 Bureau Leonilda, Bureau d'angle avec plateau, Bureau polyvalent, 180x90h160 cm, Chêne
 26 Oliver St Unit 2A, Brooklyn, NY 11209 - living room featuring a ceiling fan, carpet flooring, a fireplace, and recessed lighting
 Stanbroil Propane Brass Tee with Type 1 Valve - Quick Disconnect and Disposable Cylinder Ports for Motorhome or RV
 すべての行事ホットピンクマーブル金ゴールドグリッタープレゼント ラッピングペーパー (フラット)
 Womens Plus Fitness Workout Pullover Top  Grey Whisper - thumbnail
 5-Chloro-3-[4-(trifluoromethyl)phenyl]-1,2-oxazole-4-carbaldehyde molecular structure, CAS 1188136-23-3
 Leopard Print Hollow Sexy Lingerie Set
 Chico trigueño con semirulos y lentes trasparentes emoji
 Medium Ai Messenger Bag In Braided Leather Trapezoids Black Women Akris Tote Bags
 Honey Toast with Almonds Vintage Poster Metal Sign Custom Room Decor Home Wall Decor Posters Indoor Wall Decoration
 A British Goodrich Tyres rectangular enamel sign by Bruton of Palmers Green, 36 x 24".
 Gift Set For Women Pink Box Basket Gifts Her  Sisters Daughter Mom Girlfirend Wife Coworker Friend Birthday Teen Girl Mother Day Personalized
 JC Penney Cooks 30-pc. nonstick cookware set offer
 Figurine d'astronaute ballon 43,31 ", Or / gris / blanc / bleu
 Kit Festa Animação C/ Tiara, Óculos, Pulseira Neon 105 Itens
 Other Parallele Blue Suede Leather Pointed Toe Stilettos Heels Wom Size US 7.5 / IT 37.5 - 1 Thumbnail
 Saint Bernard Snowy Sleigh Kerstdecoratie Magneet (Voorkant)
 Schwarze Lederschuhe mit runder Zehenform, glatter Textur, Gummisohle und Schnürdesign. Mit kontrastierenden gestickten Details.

WORK TO BE COMPLETED. Exact copies of the line containing "Leopard Print Hollow Sexy Lingerie Set" and of every line after it through the end of the entries are all that should be output.

ANSWER.
 Leopard Print Hollow Sexy Lingerie Set
 Chico trigueño con semirulos y lentes trasparentes emoji
 Medium Ai Messenger Bag In Braided Leather Trapezoids Black Women Akris Tote Bags
 Honey Toast with Almonds Vintage Poster Metal Sign Custom Room Decor Home Wall Decor Posters Indoor Wall Decoration
 A British Goodrich Tyres rectangular enamel sign by Bruton of Palmers Green, 36 x 24".
 Gift Set For Women Pink Box Basket Gifts Her  Sisters Daughter Mom Girlfirend Wife Coworker Friend Birthday Teen Girl Mother Day Personalized
 JC Penney Cooks 30-pc. nonstick cookware set offer
 Figurine d'astronaute ballon 43,31 ", Or / gris / blanc / bleu
 Kit Festa Animação C/ Tiara, Óculos, Pulseira Neon 105 Itens
 Other Parallele Blue Suede Leather Pointed Toe Stilettos Heels Wom Size US 7.5 / IT 37.5 - 1 Thumbnail
 Saint Bernard Snowy Sleigh Kerstdecoratie Magneet (Voorkant)
 Schwarze Lederschuhe mit runder Zehenform, glatter Textur, Gummisohle und Schnürdesign. Mit kontrastierenden gestickten Details.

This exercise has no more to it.